Up until now, it is claimed, interactive 3D graphics have not been available on the World Wide Web, even though "almost all PCs as well as mobile and embedded devices already contain high-performance 3D graphics hardware to process it." Two development groups have teamed up to change that.
In a joint press release published at Phys.Org, the German Research Center for Artificial Intelligence and Fraunhofer Institute for Computer Graphics Research report they "are working to describe computer scenes in spatial detail directly within the websites’ code."
The two teams report they have agreed on a common proposal to extend the Hypertext Markup Language (HTML) to include advanced graphics capabilities.
The two institutes originally each had their own proposals, namely X3DOM and XML3D, but say they are now distilling their technologies into common components to bring interactive and highly dynamic 3D graphics to the declarative world of HTML.

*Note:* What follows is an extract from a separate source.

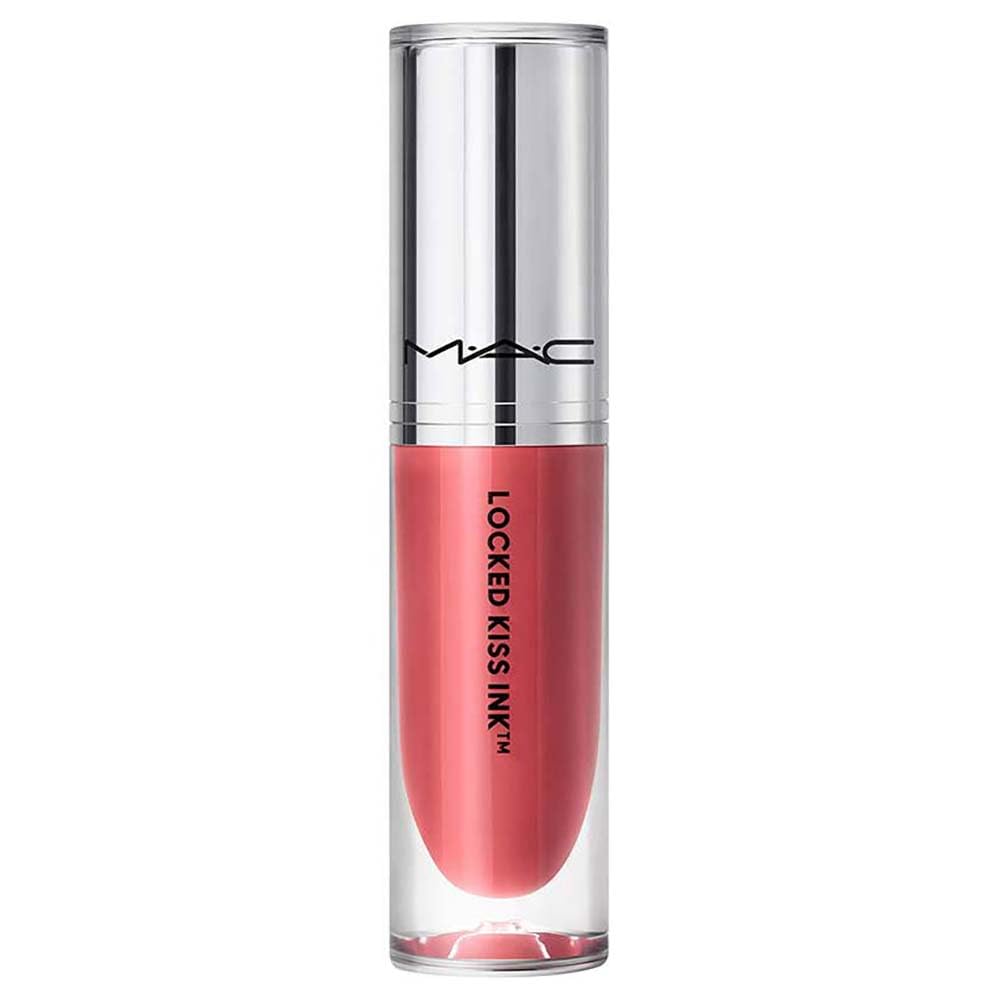 M·A·C Locked Kiss Ink 24HR Lipcolour - 50 UPGRADED Beauty & Personal Care MAC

The proposal is intended to allow for describing 3D geometry, its material properties (shaders), lights, and virtual cameras as new HTML elements. "These elements can be used almost exactly like existing HTML elements. Therefore, millions of Web developers can quickly begin to include interactive 3D visualizations in their Web applications," says Philipp Slusallek, professor for computer graphics at Saarland University and scientific director in the DFKI and in the Intel Visual Computing Institute (VCI).

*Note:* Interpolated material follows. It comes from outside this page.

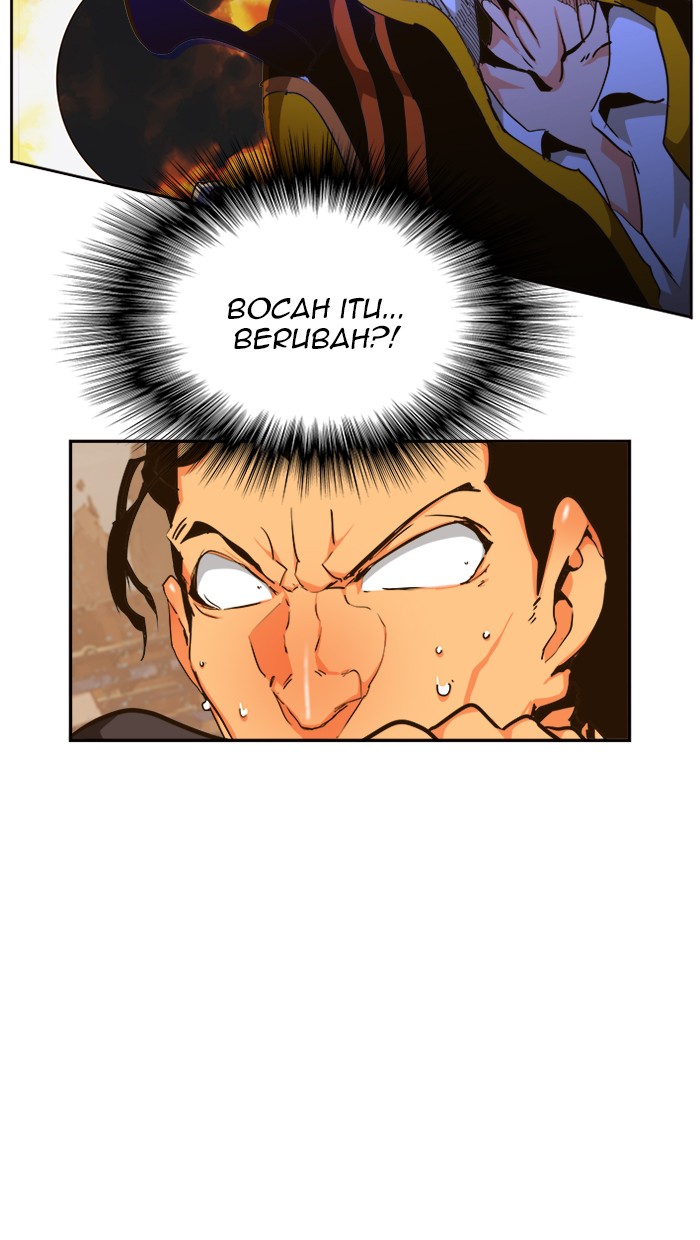 The God of High School Chap 458 - Next Chap 459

Here's a synopsis of the potential benefits to be seen from the project, as stated by Kristian Sons, head of the XML3D research group at DFKI/VCI:
"The proposed declarative extension to HTML offers a high-level approach for Web developers, extending the low-level procedural approach to talk to graphics hardware now offered by WebGL. "Instead of requiring Web developers to become WebGL experts or learn new APIs, we are adding advanced graphics capabilities to HTML, allowing Web developers to reuse their existing skills and directly apply the Web technology they use on a daily basis."